What is not meant by the denial of absolute foreknowledge
By denying God knows the future free will choices of man, it is not assumed that God doesn’t know certain future events. Clearly God has prophesied future events that have come to pass. These events however could be spoken of as certainties previous to the event, because God has the power to do whatever he so wills. Nothing can stop his plan. Therefore, if God decided to have Jesus born in Bethlehem, no force in the universe could thwart his plan. He therefore knows the future act absolutely because he has determined to cause the event to occur when the time has been fulfilled. This is how a Calvinist views every event. However, I believe Scripture shows that this is the exception and not the rule.
The denial of absolute foreknowledge also does not mean that God does not know everything. Clearly Scripture teaches that God has full and complete knowledge of everything that exists (I John 3:20). The question therefore is, does the future exist? If you decide that the future does in fact exist in some manner as related to God, then it is incumbent on the reader to prove such a position. This position cannot be simply assumed. If in fact the future does not exist, then it is not incumbent upon God to know it.
Man has invented all sorts of wild conceptions of how God
can know the future and still the future is free. Calvinists have given
up and simply declare that God knows all because he has foreordained all
future events. While this is understandable, there are many Scriptures
that seem to prove this concept incorrect. Arminianists on the other hand
talk about an Eternal Now where God is in the past, present and future
all at the same time. This concept teaches that God does not experience
the world, as we know it, but that he is above and outside time. While
this may be an interesting concept, it has no basis in the Scriptures.

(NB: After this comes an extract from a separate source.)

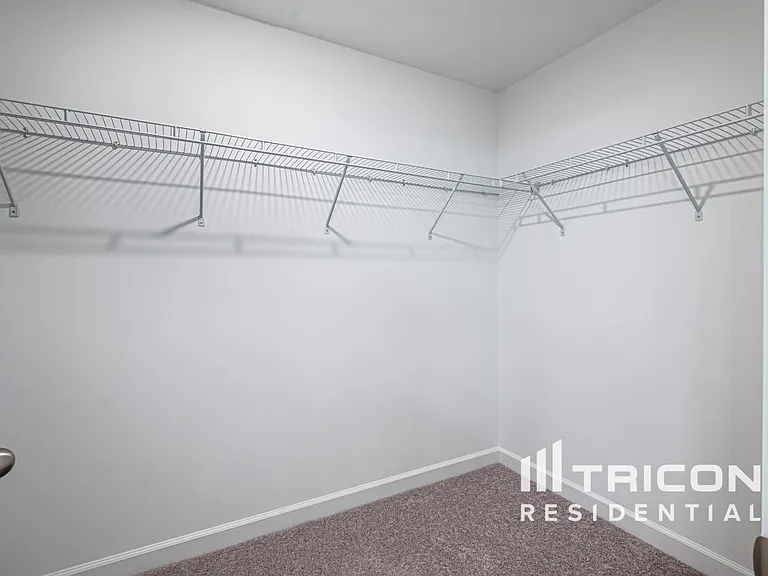 Tricon East Ridge — Photo 39
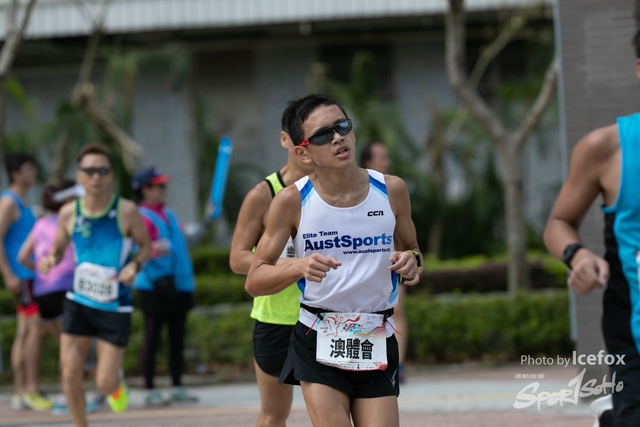 PB_Runner_TKO_1015-55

Therefore if God didn’t tell us that this is his true existence, how did
we come to this conclusion? The concept of an Eternal Now (God outside
of time) is a man made fantasy that has no Scriptural backing. While this
may sound a little direct, a concept of God that is not found in the Scriptures
can only be man’s wisdom, and we know what God thinks about that.
What do all of these passages add up to? Can the doctrine of absolute foreknowledge of all future events be harmonized with logical and straightforward interpretations of these passages? These are just a sample of the verses that should lead one in the direction of the denial of absolute foreknowledge of the free will decisions of moral agents. Now this is not to say that God couldn’t have created a world in which he did know the future, but that he did not. One could ask themselves, if in this world God knows all future free actions, how would a world where he didn’t know differ from it? How would the Bible be worded differently?
Now the seeker of truth will not immediately jump to a passage that seems contrary to this position until he/she has developed answers to the above listed passages. People who can satisfy their doctrine with a passage in apparent opposition to this position without addressing the volume of Scriptures in this paper are not being honest. This may sound harsh, but it is not. I am more than happy to address any questions from anyone seeking truth not searching for mastery over my viewpoint. I can state without exception that this viewpoint is fully consistent with all Scripture. If after understanding and studying my viewpoint the reader thinks I am incorrect, the reader will do me a valuable service by helping me see my error. However, if you cannot logically answer the above listed Scriptures, you need go no further in questioning my theology until you can justify yours. As Charles Finney once said, "You cannot attempt to change someone’s mind unless you fully understand it." At one time I also believed in "God outside of time", absolute foreknowledge as well as all of the other concepts related to this subject. I no longer do. Therefore, I understand all to well the current orthodox viewpoint. You must attempt to understand mine if you truly want to increase your understanding of God. Whether in the end you agree or disagree with me, the search for truth will do you good. May God bless our search for truth, and may we have the courage to believe it.